Hi team, I'm using the docker 0.4.0 image with BigQuery. So far I was able to label and train a model.
I'm facing 2 problem that I cannot seem to solve (Also looked through GH issues and gitbook docs)
- 1.
When running ./scripts/zingg.sh --conf /zingg-0.4.0/config/properties.json --phase exportModel --location /tmp/my_model_export I get a null-pointer error
(null_pointer.txt)
How can I fix this?
2. After I matched the first batch of data, how do I add more data while maintaining the same z_cluster for each entitity.
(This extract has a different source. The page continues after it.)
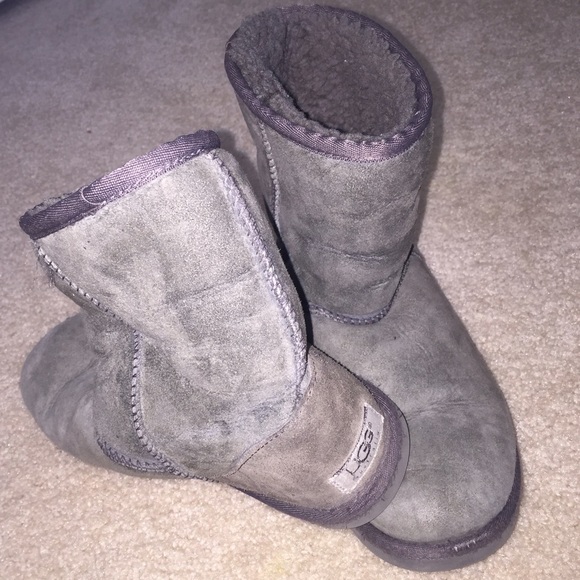 Grey UGG boots.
So existing records should keep their assigned z_cluster and new matching records should be assigned the same existing z_cluster . If I have new entries daily and want to run it through matching on a daily basis, I'd like to stitch new records to old z_cluster if they match.
I tried passing a union of matched data and new data as input and added z_cluster and z_isMatch as additional columns to the matched records (and setting it to null for new records):
"fieldDefinition":[
{
"fieldName": "z_cluster",
"dataType": "string",
"fields": "z_cluster",
"matchType": "DONT_USE"
},
{
"fieldName": "z_isMatch",
"dataType": "integer",
"fields": "z_isMatch",
"matchType": "DONT_USE"
},
{
"fieldName": "first_user_data_point",
"dataType": "string",
"fields": "first_user_data_point",
"matchType": "EXACT,NULL_OR_BLANK"
},
{
...
}
]
However, when running this, I get [AMBIGUOUS_REFERENCE] Reference `z_cluster` is ambiguous, could be: [`z_cluster`, `z_cluster`].
(ambiguous_z_cluster.txt)
Thank you for your help!